Shedding the load

My computer power was almost out, I had to hurry. There was only one hour to try to charge it as much as I could or I would be stuck without it until tomorrow.

“Stage 1 load shedding will be implemented from 1700 – 2200.”

Right. Find the power cord. Find the adapter. At 3% power – how much will I get in one hour? We’ll see.

Staying in the guest-house on my recent trip to Cape Town, South Africa, I got to experience load shedding. So what is load shedding? The City of Cape Town website explains:

“Loadshedding is a measure of last resort to prevent the collapse of the power system country-wide. When there is insufficient power station capacity to supply the demand (load) from all the customers, the electricity system becomes unbalanced, which can cause it to trip out country-wide (a blackout), and which could take days to restore.”  So instead of letting the high demand for energy destabilize the system and cause a prolonged blackout, the South African power company has a planned system for turning off power in a systematic and shared way.

Stage 1 – one area at a time is affected to reduce power consumption

Stage 2 – two areas at a time are affected

Stage 3a – three areas

Stage 3b – four areas

A friend of mine joked, “stage 5 is where they come to your house and blow out your candle.”

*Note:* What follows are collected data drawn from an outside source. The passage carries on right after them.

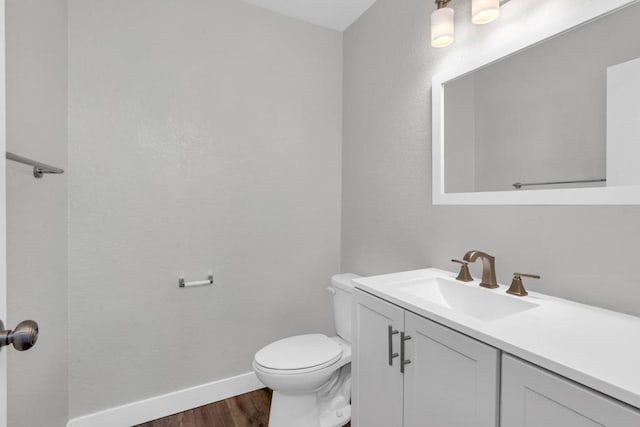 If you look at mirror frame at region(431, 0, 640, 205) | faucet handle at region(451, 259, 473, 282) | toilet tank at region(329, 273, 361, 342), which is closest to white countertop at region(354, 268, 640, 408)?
faucet handle at region(451, 259, 473, 282)

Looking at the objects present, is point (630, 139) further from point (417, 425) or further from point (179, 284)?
point (179, 284)

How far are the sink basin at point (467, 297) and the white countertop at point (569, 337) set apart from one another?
4cm

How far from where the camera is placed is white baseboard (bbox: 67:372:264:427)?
1.60 m

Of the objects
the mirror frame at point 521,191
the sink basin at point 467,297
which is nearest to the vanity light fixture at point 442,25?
the mirror frame at point 521,191

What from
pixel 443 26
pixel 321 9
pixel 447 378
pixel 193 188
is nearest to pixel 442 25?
pixel 443 26

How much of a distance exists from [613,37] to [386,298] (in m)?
1.09

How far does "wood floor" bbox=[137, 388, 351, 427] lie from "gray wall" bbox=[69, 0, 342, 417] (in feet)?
0.52

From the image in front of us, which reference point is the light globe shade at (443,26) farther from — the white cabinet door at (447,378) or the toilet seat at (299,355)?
the toilet seat at (299,355)

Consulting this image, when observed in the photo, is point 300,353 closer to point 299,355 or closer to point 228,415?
point 299,355

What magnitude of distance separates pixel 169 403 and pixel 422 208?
1.80 m

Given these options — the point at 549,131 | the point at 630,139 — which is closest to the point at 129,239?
the point at 549,131

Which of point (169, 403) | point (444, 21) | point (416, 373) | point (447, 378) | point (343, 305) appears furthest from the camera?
point (343, 305)

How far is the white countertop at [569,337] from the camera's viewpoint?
583mm

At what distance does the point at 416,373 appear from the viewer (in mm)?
980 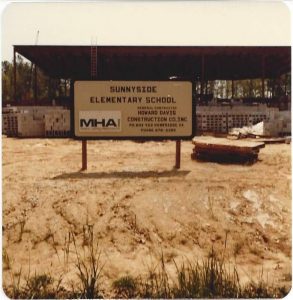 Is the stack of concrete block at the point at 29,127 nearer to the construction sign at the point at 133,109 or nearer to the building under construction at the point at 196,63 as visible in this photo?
the building under construction at the point at 196,63

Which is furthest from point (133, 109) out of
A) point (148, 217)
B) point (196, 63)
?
point (196, 63)

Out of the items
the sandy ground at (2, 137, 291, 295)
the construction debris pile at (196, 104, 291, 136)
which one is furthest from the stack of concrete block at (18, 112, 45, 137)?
the sandy ground at (2, 137, 291, 295)

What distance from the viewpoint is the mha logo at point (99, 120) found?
817cm

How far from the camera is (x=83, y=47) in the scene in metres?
18.3

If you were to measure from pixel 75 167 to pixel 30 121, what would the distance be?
831 cm

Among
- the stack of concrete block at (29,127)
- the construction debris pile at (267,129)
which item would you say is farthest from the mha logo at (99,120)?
the stack of concrete block at (29,127)

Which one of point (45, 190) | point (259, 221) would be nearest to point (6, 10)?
point (45, 190)

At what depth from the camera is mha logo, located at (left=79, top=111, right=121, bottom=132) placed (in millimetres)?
8172

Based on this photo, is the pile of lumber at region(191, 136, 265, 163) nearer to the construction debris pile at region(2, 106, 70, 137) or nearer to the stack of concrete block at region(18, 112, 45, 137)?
the construction debris pile at region(2, 106, 70, 137)

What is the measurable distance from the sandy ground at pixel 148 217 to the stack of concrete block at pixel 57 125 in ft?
24.1

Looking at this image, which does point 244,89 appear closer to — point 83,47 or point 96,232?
point 83,47

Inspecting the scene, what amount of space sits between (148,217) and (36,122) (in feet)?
37.0

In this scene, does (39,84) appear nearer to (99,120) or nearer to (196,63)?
(196,63)

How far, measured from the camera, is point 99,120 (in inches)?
322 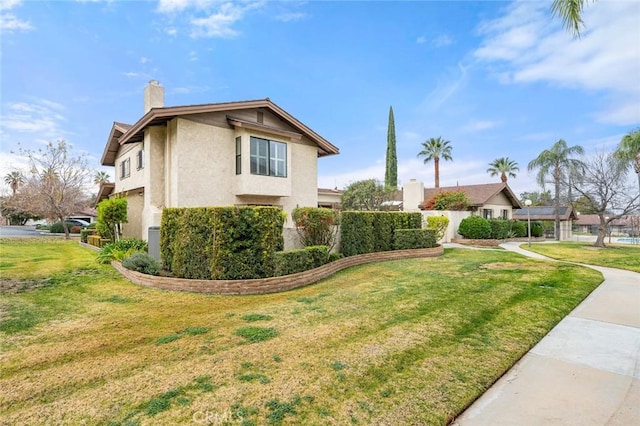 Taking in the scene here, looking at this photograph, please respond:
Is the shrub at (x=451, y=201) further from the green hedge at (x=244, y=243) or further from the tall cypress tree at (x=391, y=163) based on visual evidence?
the tall cypress tree at (x=391, y=163)

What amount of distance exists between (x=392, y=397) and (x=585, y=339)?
12.9 feet

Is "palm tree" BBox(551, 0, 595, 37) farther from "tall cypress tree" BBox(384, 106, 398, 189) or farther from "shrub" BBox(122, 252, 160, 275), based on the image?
"tall cypress tree" BBox(384, 106, 398, 189)

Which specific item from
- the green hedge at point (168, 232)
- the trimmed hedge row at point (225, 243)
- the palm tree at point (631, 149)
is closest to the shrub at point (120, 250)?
the green hedge at point (168, 232)

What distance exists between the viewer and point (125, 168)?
60.7 ft

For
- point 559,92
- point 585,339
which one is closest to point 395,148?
point 559,92

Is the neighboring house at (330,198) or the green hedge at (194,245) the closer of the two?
the green hedge at (194,245)

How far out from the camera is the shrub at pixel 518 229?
27.7 metres

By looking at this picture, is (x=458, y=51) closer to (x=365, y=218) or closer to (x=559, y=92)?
(x=559, y=92)

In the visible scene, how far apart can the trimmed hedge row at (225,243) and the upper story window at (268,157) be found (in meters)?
6.45

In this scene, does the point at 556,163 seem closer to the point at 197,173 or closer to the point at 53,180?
the point at 197,173

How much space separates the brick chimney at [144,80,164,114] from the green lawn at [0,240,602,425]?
33.2 ft

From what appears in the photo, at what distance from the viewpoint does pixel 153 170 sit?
14.1 m

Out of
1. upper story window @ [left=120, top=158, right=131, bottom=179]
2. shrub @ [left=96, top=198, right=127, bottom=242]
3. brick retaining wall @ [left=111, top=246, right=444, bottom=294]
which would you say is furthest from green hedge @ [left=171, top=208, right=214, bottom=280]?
upper story window @ [left=120, top=158, right=131, bottom=179]

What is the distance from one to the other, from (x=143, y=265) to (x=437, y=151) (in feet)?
136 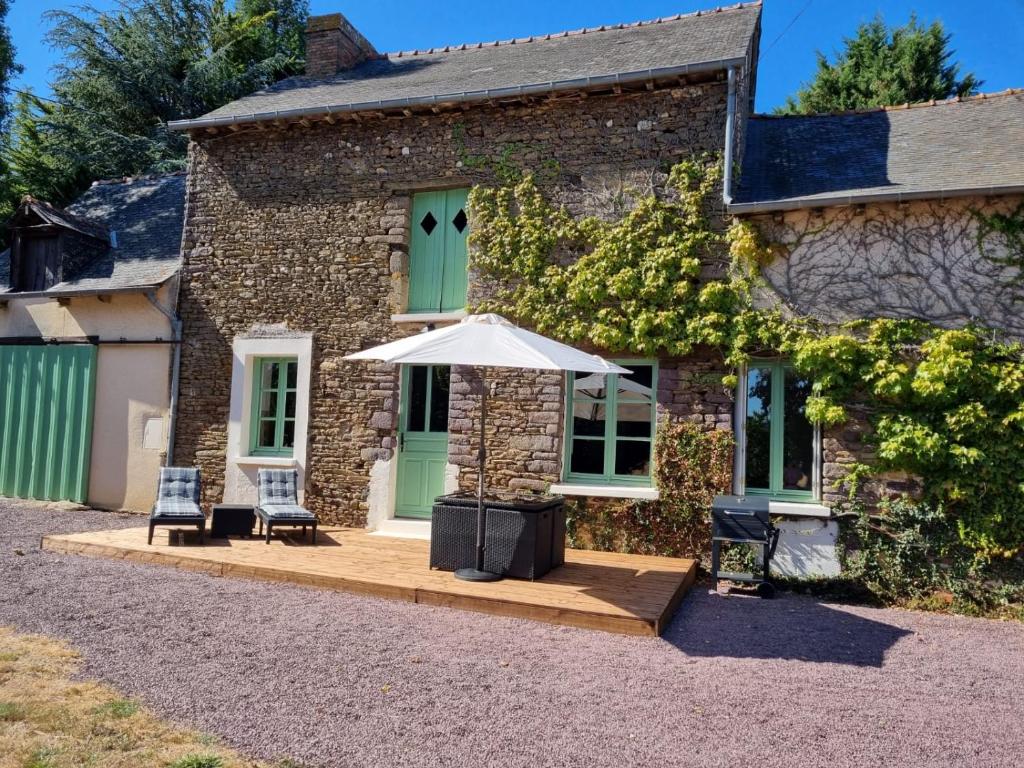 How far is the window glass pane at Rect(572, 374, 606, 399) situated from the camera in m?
7.77

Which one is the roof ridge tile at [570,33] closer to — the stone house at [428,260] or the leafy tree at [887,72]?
the stone house at [428,260]

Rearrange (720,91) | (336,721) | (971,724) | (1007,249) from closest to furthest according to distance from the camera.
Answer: (336,721) < (971,724) < (1007,249) < (720,91)

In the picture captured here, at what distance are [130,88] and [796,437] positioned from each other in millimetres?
18348

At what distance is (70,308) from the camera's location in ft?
33.7

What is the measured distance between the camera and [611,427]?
7.69m

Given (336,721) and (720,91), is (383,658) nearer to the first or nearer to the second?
(336,721)

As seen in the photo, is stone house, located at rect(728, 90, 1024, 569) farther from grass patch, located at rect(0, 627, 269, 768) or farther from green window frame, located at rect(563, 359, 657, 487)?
grass patch, located at rect(0, 627, 269, 768)

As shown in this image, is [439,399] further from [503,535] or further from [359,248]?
[503,535]

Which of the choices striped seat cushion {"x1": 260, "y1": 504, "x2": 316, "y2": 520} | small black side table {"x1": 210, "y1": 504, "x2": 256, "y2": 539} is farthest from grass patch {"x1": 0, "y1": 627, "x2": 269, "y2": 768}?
small black side table {"x1": 210, "y1": 504, "x2": 256, "y2": 539}

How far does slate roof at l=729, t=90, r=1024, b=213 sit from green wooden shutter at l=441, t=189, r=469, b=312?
9.94ft

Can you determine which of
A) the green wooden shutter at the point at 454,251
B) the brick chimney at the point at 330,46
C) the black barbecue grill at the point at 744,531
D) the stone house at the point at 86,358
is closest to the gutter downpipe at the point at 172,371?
the stone house at the point at 86,358

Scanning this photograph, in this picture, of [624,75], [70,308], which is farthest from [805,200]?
[70,308]

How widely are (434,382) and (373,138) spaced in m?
2.99

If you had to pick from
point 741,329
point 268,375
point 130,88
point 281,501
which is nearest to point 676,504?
point 741,329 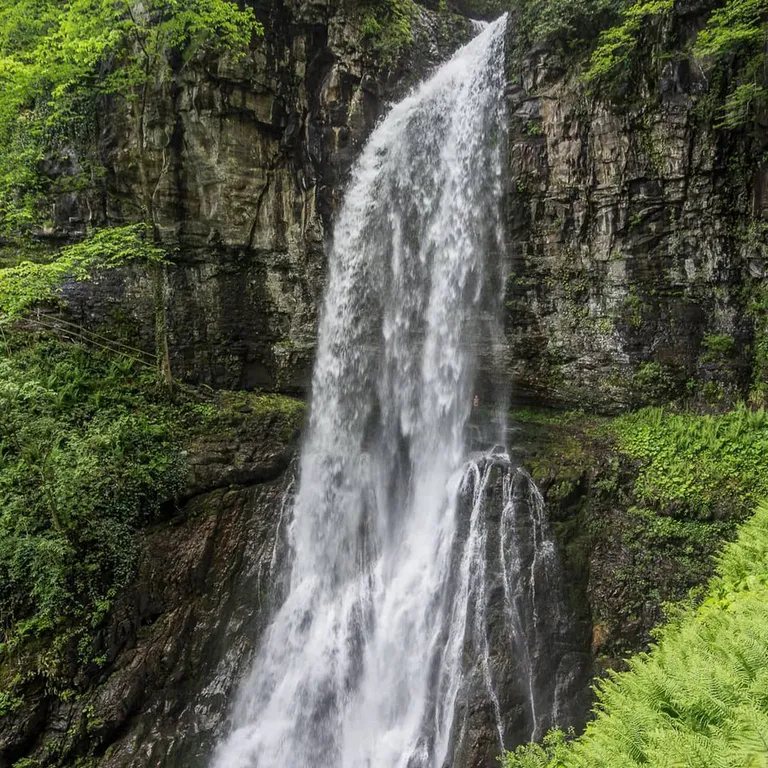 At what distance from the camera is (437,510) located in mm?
9344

1610 – computer plugged in and charging. I’m hungry so walk to the corner store (I don’t know if the store has a generator and I’m not keen on shopping in the dark).

1645 – back from the store. Computer at 55%. I look around and put the solar lights in strategic places. I briefly wonder what happens to the security system in this place during load shedding, then try to forget about that.

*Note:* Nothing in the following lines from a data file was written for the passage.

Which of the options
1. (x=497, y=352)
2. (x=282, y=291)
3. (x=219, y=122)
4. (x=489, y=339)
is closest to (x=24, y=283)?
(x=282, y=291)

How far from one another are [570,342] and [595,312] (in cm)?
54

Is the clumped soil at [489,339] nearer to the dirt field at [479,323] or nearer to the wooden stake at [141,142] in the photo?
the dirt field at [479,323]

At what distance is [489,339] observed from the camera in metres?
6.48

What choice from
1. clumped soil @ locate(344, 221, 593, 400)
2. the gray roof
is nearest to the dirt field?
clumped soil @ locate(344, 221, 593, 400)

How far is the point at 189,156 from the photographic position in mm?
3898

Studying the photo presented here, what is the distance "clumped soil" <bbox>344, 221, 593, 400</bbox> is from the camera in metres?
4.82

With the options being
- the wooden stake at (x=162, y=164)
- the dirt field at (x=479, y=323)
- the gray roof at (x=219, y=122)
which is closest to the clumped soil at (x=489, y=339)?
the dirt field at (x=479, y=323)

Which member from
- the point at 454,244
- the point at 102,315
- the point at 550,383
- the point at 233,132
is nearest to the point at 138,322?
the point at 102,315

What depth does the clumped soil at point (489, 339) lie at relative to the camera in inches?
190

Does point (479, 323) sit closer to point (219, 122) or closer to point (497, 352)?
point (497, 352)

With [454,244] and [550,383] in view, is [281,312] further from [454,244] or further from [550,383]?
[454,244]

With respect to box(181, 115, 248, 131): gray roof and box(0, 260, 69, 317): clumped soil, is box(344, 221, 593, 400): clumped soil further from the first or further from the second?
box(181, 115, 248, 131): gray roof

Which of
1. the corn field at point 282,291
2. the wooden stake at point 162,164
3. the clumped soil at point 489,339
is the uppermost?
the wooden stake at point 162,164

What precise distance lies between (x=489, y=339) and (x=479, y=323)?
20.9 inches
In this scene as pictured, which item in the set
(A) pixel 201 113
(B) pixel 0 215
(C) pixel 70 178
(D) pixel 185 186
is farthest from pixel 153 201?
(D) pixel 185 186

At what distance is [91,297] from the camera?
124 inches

1655 – dinner set on the table, solar lamps and a Good Book waiting.

1705 – power goes out.

Slowing the pace with a Good Book.

Slowing the pace with a Good Book.

So what happens when we are forced to do without power? We slow down. We turn off the screens. Well, they’re turned off for us. We go to a friend’s house to finish cooking the dinner we started before power went off. We visit awhile and get to enjoy relationship. We plan ahead. “Come over to watch the game at my place if your power is out.” We appreciate the times when the power is on.

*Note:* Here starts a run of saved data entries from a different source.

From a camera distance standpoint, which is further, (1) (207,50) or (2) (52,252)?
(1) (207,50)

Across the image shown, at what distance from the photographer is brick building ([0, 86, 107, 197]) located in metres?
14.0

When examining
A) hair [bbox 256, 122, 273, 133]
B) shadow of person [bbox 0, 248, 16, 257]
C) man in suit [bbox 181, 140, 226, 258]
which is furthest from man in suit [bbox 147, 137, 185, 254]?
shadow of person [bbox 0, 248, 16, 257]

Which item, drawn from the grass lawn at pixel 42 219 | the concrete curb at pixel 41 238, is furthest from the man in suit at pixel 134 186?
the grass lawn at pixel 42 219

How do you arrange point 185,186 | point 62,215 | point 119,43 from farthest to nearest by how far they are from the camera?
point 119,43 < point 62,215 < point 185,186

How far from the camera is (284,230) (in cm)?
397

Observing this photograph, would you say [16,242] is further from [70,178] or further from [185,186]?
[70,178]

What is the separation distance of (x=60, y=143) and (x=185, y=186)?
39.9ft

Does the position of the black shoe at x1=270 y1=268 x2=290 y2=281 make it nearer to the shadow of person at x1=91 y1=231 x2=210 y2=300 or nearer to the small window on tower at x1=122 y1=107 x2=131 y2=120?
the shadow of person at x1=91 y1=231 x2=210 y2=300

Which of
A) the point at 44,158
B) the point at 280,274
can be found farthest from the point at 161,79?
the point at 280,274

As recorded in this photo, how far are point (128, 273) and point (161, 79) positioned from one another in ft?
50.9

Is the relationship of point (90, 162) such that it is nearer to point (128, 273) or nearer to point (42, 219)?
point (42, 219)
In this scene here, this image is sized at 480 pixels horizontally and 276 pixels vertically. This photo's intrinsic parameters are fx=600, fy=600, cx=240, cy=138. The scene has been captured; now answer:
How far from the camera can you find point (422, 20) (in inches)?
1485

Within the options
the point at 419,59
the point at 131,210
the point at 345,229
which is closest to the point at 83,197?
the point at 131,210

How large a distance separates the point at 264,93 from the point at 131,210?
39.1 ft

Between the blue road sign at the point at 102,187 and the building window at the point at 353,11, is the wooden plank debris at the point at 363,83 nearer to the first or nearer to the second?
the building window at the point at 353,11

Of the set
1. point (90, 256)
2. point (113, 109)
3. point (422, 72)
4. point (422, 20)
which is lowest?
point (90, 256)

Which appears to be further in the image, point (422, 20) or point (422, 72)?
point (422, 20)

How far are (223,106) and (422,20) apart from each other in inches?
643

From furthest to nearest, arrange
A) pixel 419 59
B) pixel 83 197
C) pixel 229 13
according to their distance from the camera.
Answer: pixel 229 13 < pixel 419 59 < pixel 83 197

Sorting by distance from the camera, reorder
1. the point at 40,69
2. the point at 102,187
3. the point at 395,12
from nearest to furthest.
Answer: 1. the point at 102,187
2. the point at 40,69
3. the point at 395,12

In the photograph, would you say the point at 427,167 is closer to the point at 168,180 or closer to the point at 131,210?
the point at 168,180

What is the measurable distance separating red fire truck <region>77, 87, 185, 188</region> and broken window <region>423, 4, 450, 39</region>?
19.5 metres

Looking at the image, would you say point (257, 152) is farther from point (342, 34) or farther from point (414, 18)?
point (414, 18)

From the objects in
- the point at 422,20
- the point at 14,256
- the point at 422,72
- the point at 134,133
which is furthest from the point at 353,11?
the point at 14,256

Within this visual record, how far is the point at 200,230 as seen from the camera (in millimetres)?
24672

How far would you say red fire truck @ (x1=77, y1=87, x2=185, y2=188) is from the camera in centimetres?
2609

When I’m on vacation – even if it is for a hectic medical conference like this one – there is still a sense of freedom from the everyday obligations that follow us at home. Maybe that’s why Japanese writer Marie Kondo’s movement to declutter our lives has appeal.  She has some good ideas on how to organize your stuff to be less of a burden. (Mostly it is to get rid of everything that you don’t need or doesn’t bring you joy). We take on so many obligations and objects that our load is quite heavy.

So I think shedding our load is a great idea. Maybe I won’t be so enthusiastic when I am living here in Cape Town, my lasagna is half done, and the power goes out from an unplanned, emergency load-shedding. But to intentionally remove the excess distractions from our lives is a great idea. To do so in a planned way lets us decide who and what is worthy of our precious energy.

So how can we do it?  How do we begin off loading the baggage that spills from our real and psychological closets?

We can’t.   Not on our own.   Not even with Marie Kondo’s help.

There is one perfect, ultimate load-shedder. He even offered to do it for us:

“Come to me, all you who are weary and burdened, and I will give you rest.  Take my yoke upon you and learn from me, for I am gentle and humble in heart, and you will find rest for your souls.  For my yoke is easy and my burden is light.” Matt 11:28-30

So if you are worn down, whether you have power or don’t, Jesus is waiting to bring you peace and rest. You just have to ask Him to do it.